> [TASK TO CARRY OUT]: When you return the material, keep every line exactly as it is and omit the pictures.

> [AVAILABLE DATA]:
^^^^^^^^^^^^^^^^

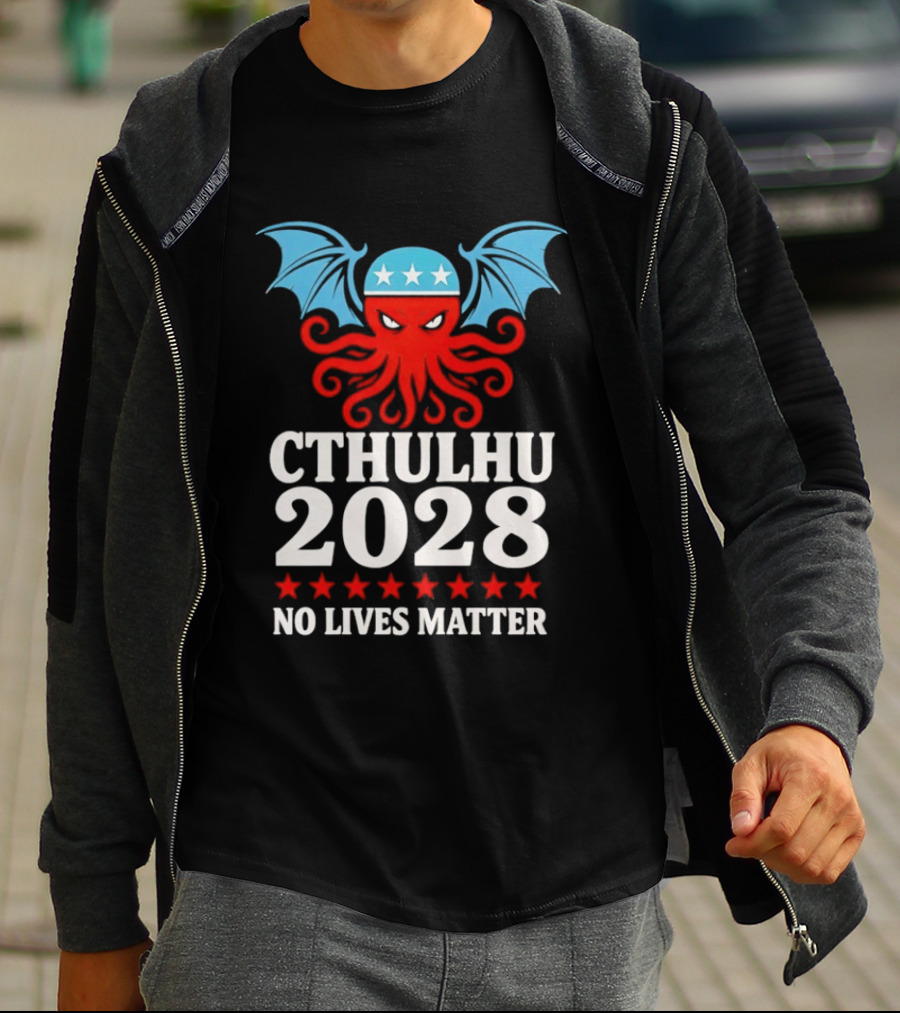Cthulhu 2028 No Lives Matter Five Stars Red Tentacles Blue Wings T-Shirt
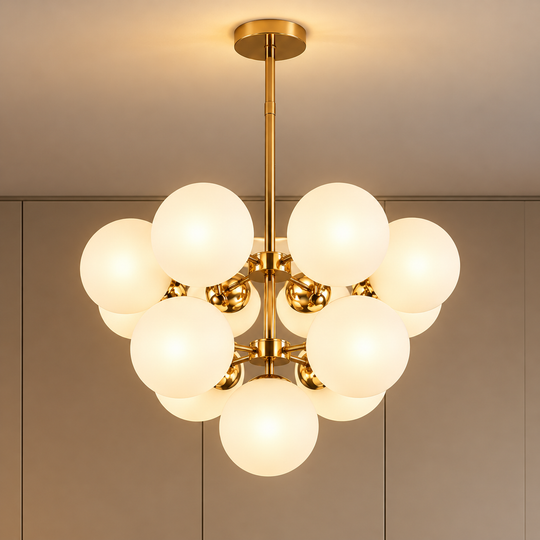 ORBS Magno Lampadario Classico, 56cm, 13xE27, Globi, Oro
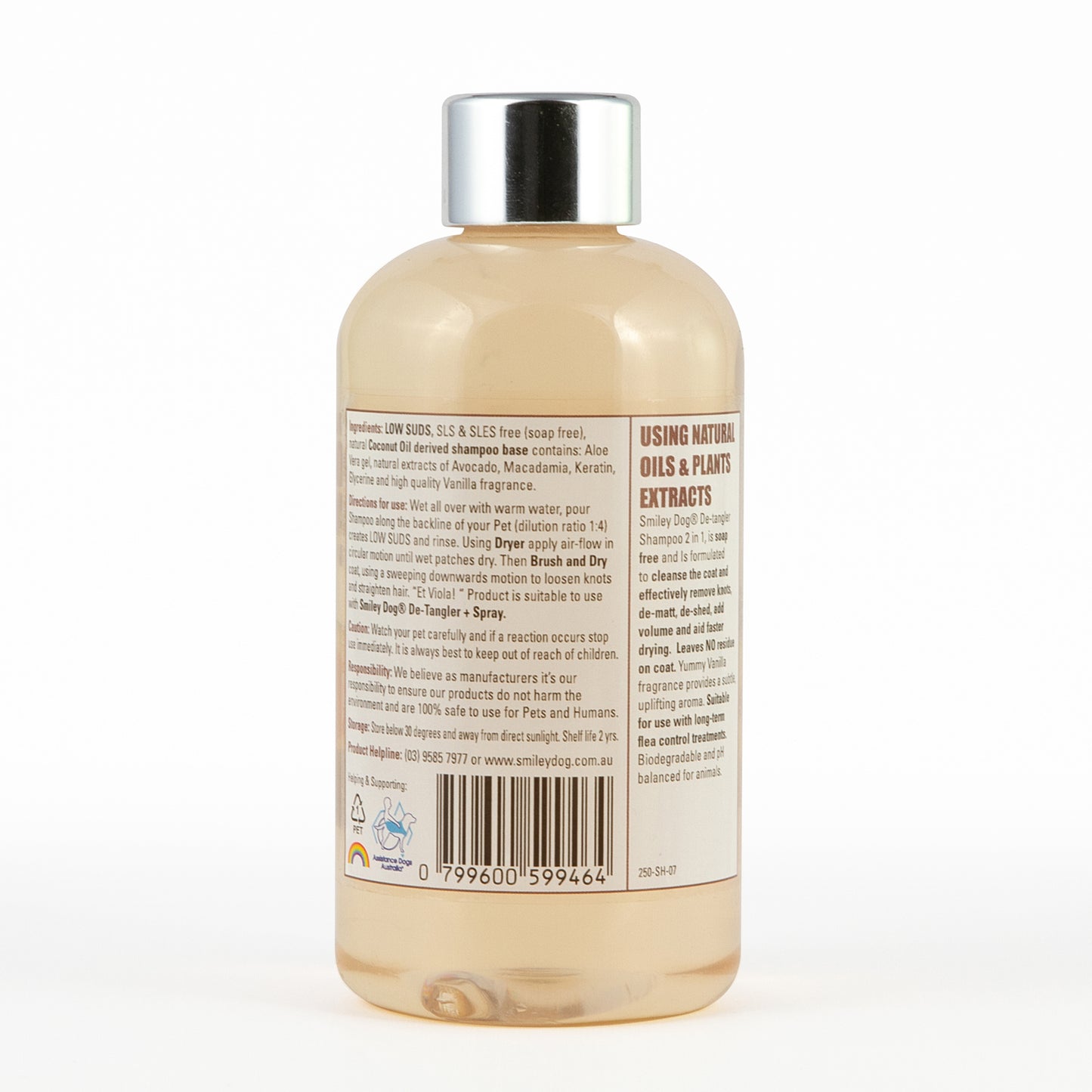 Smiley Dog Avocado Shampoo for dogs, gently cleanses, pH balanced, enriched with avocado for soft, shiny fur, suitable for sensitive skin, promotes healthy coat.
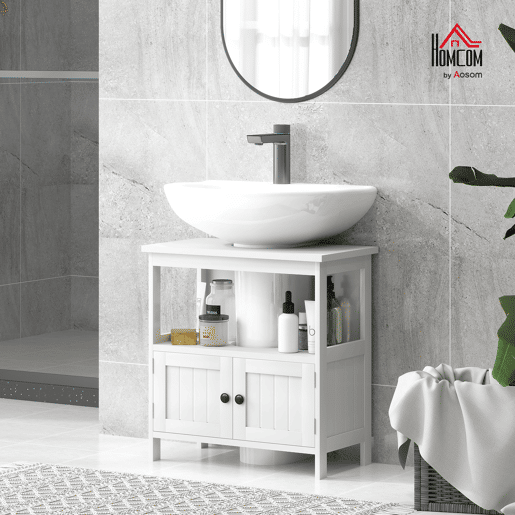 Armário para pia com 2 portas e prateleira aberta, armário de pia independente, 60x30x60 cm, branco Armário para pia com 2 portas e prateleira aberta, armário de pia independente, 60x30x60 cm, branco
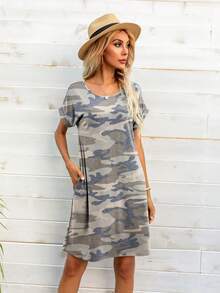 DEARCASE Camo Print Roll Sleeve Tee Dress - Nhiều màu - Xem 4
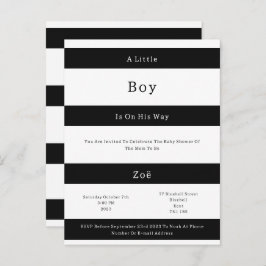 Linear Chic Black And White Stripes Baby Invite Br Postkarte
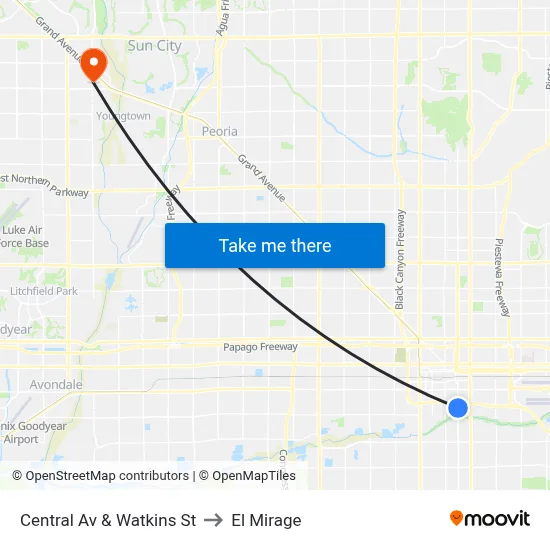 Central Av & Watkins St to El Mirage map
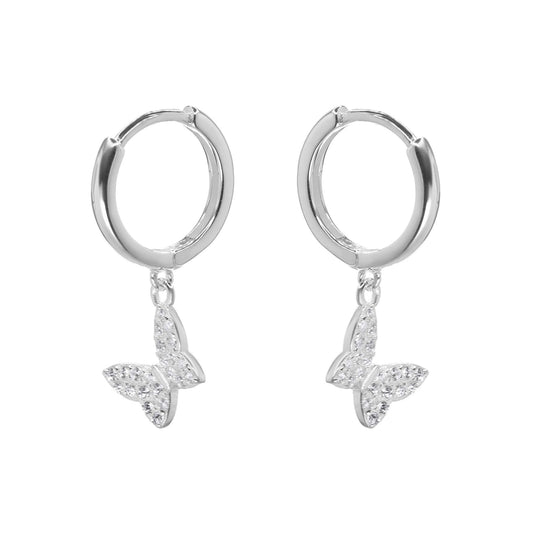 Aros de Plata - Argolla Lisa con Colgante Mariposa de Circones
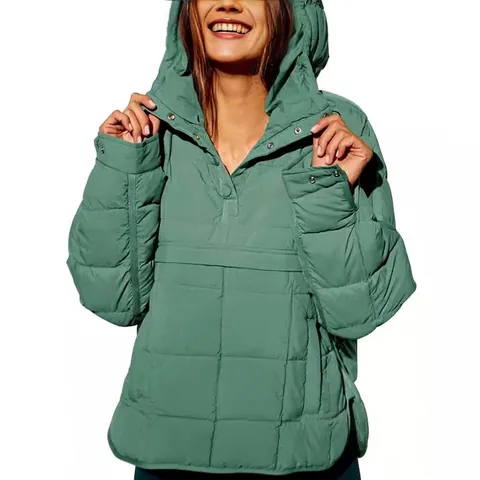 Women Quilted Puffer Jacket Hooded Pullover Top Solid Color Long Sleeve Loose Padded Outerwear For Autumn Winter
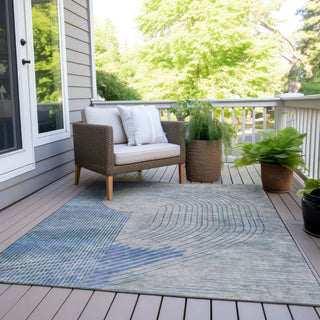 Piper Looms Chantille Geometric ACN2003 Blue Machine Washable Area Rug Outdoor Lifestyle Image Feature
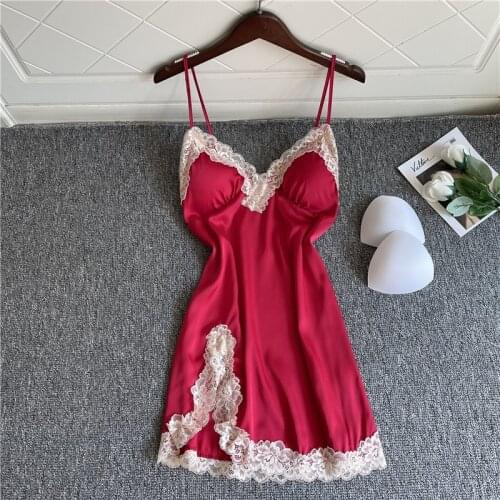 Burgundy Suspender Nightdress Women Summer Sleepwear Sexy Lace Trim Sleeveless Nightgown Mini Split Home Dress Silky Nightwear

^^^^^^^^^^^^^^^^

> [RESULT BELOW]:
Cthulhu 2028 No Lives Matter Five Stars Red Tentacles Blue Wings T-Shirt
 ORBS Magno Lampadario Classico, 56cm, 13xE27, Globi, Oro
 Smiley Dog Avocado Shampoo for dogs, gently cleanses, pH balanced, enriched with avocado for soft, shiny fur, suitable for sensitive skin, promotes healthy coat.
 Armário para pia com 2 portas e prateleira aberta, armário de pia independente, 60x30x60 cm, branco Armário para pia com 2 portas e prateleira aberta, armário de pia independente, 60x30x60 cm, branco
 DEARCASE Camo Print Roll Sleeve Tee Dress - Nhiều màu - Xem 4
 Linear Chic Black And White Stripes Baby Invite Br Postkarte
 Central Av & Watkins St to El Mirage map
 Aros de Plata - Argolla Lisa con Colgante Mariposa de Circones
 Women Quilted Puffer Jacket Hooded Pullover Top Solid Color Long Sleeve Loose Padded Outerwear For Autumn Winter
 Piper Looms Chantille Geometric ACN2003 Blue Machine Washable Area Rug Outdoor Lifestyle Image Feature
 Burgundy Suspender Nightdress Women Summer Sleepwear Sexy Lace Trim Sleeveless Nightgown Mini Split Home Dress Silky Nightwear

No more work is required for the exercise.